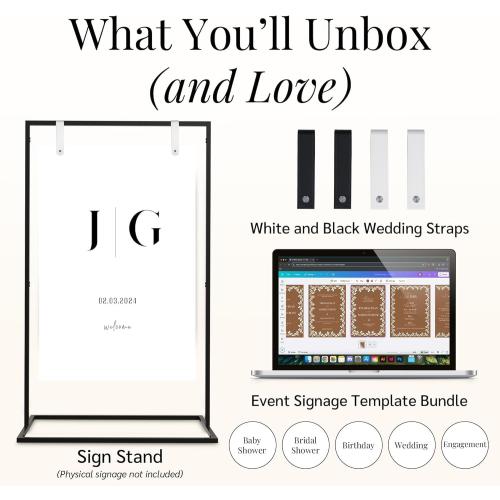 Black Wedding Sign Holder Stand - Elegant Metal Welcome Sign Stand for Wedding, Baby Shower, Bridal Party - 2 Sign Straps, 7 Ribbons for Hanging - Sturdy Display Easel for Seating Chart & Fabric Signs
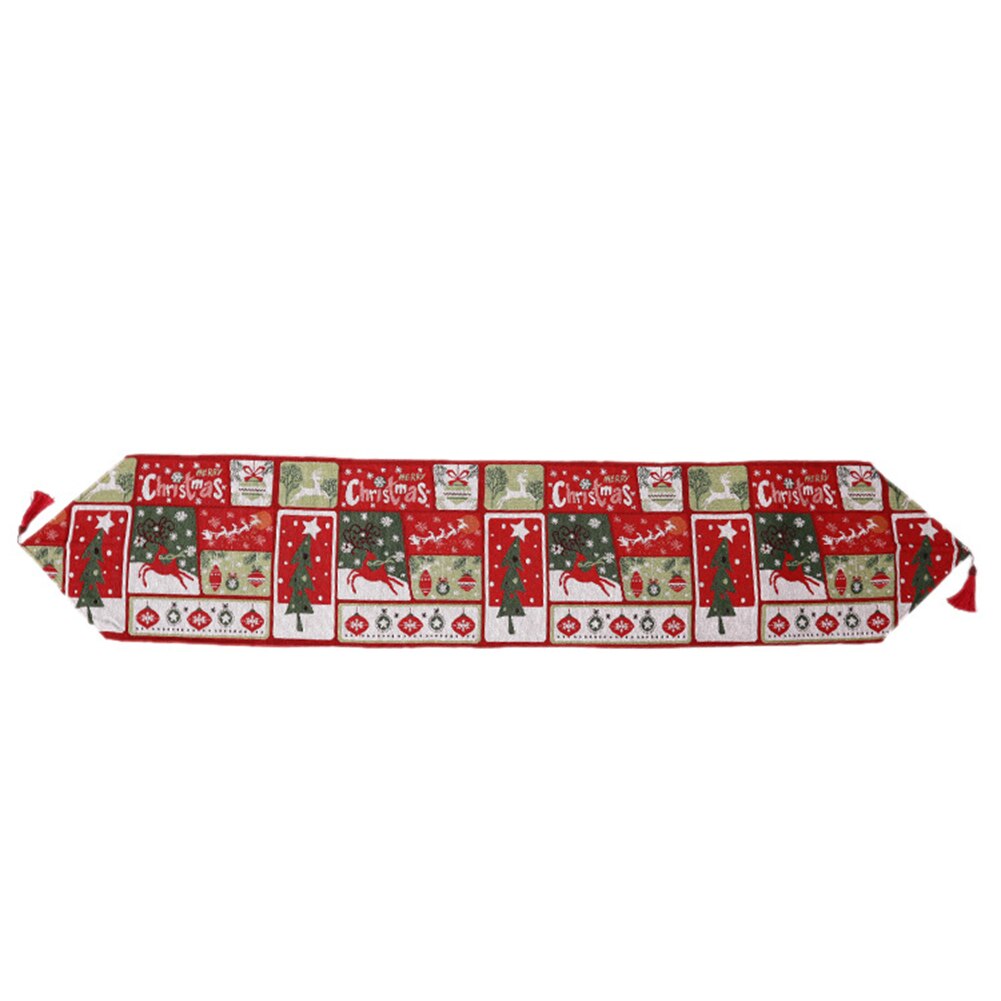 Julbord löpare klädsel tyg jul bordsduk dekor bomull linne matsal damm vin flasköverdrag 1pc jul bord löpare: E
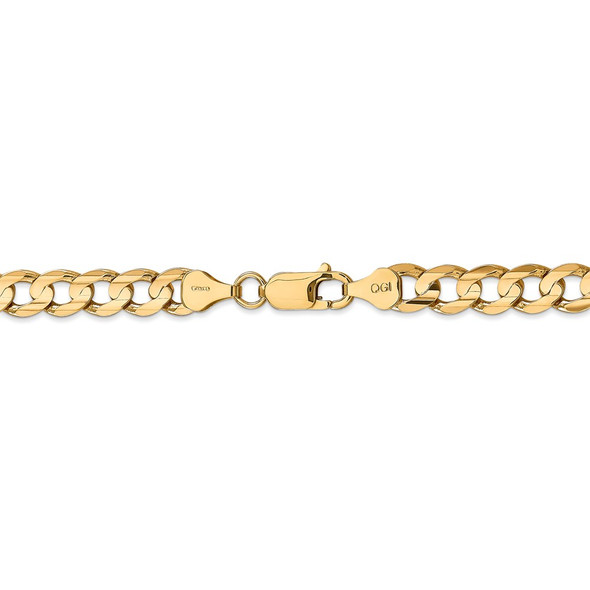 22" 14k Yellow Gold 6.75mm Open Concave Curb Chain Necklace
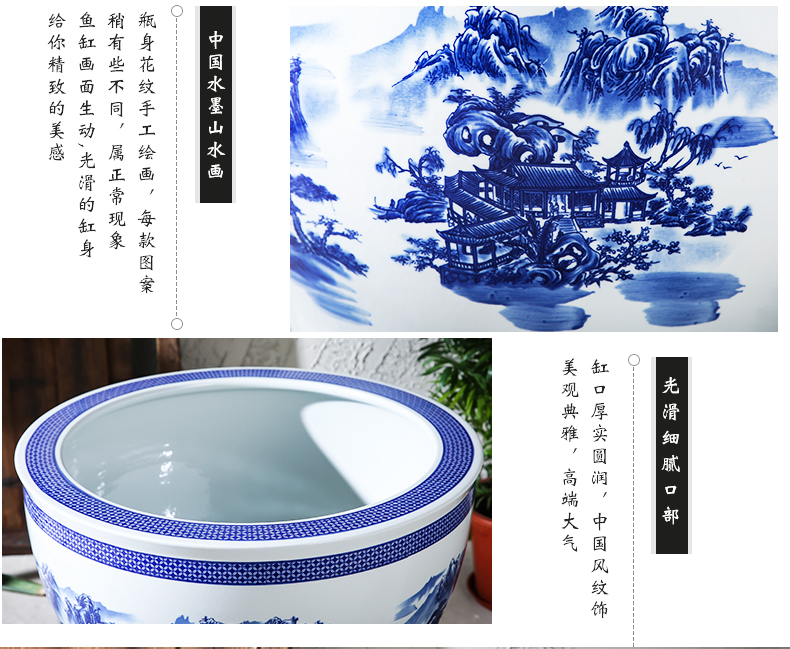 Jingdezhen ceramics tank size small water basin bowl lotus lotus cylinder cylinder tortoise porcelain jar water lily cylinder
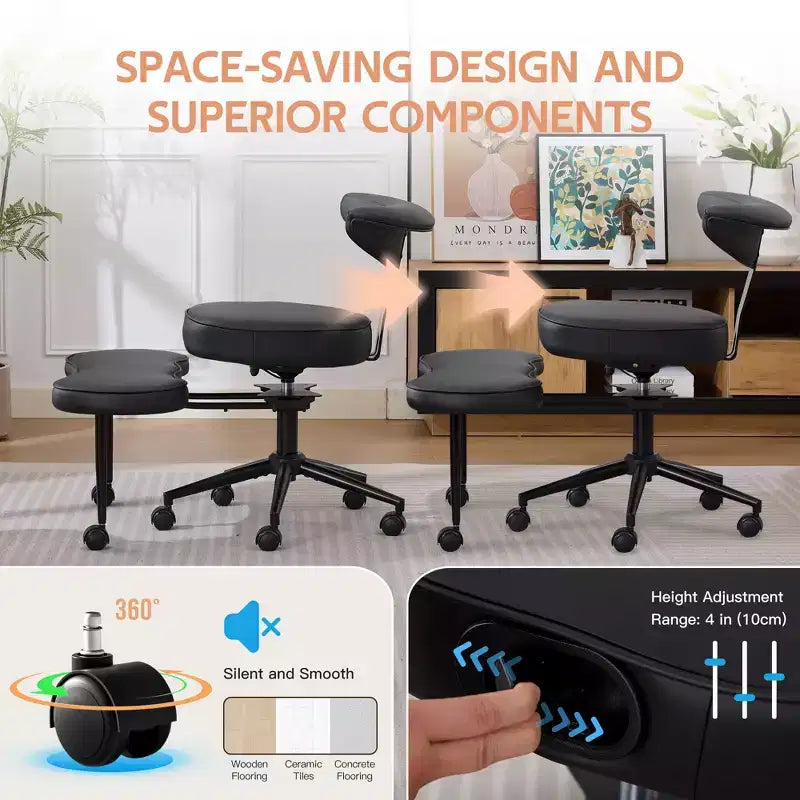 Silla de Rodillas Beige / Negra / Rosa con Ruedas – Giratoria 360°, Altura Ajustable, Un Asiento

* [What needs to be done]
Leaving out every picture, repeat exactly the lines of the records from the start through the line that has "Curb Chain Necklace".

* [Exercise response]
 Black Wedding Sign Holder Stand - Elegant Metal Welcome Sign Stand for Wedding, Baby Shower, Bridal Party - 2 Sign Straps, 7 Ribbons for Hanging - Sturdy Display Easel for Seating Chart & Fabric Signs
 Julbord löpare klädsel tyg jul bordsduk dekor bomull linne matsal damm vin flasköverdrag 1pc jul bord löpare: E
 22" 14k Yellow Gold 6.75mm Open Concave Curb Chain Necklace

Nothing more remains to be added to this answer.